GOAL OF THE EXERCISE:
Line by line, the data below should be set down unchanged, with images excluded.

ENTRIES SHOWN:
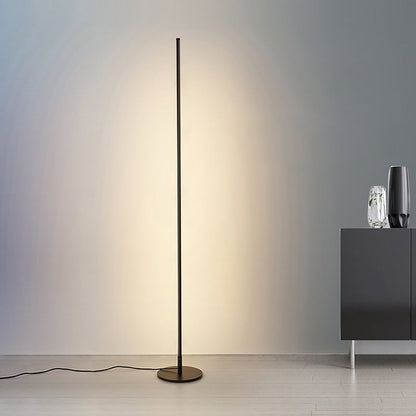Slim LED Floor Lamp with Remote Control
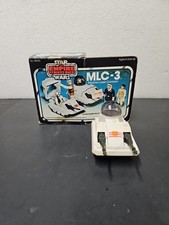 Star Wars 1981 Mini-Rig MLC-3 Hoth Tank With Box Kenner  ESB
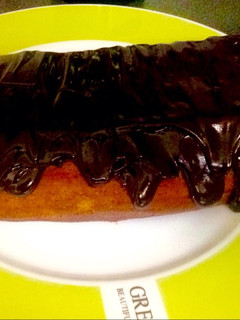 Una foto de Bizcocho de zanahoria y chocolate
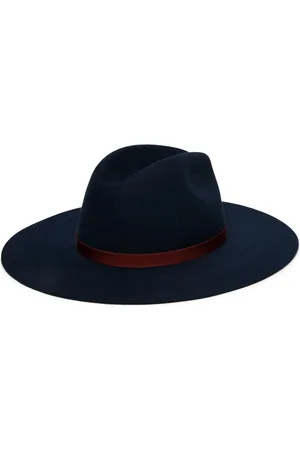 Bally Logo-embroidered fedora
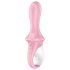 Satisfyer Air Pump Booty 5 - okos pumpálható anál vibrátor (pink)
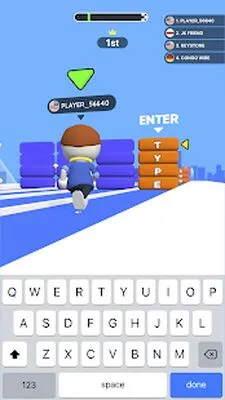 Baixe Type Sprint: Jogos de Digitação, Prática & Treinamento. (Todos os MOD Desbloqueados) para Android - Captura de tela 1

OUTPUT OF THE TASK:
Slim LED Floor Lamp with Remote Control
 Star Wars 1981 Mini-Rig MLC-3 Hoth Tank With Box Kenner  ESB
 Una foto de Bizcocho de zanahoria y chocolate
 Bally Logo-embroidered fedora
 Satisfyer Air Pump Booty 5 - okos pumpálható anál vibrátor (pink)
 Baixe Type Sprint: Jogos de Digitação, Prática & Treinamento. (Todos os MOD Desbloqueados) para Android - Captura de tela 1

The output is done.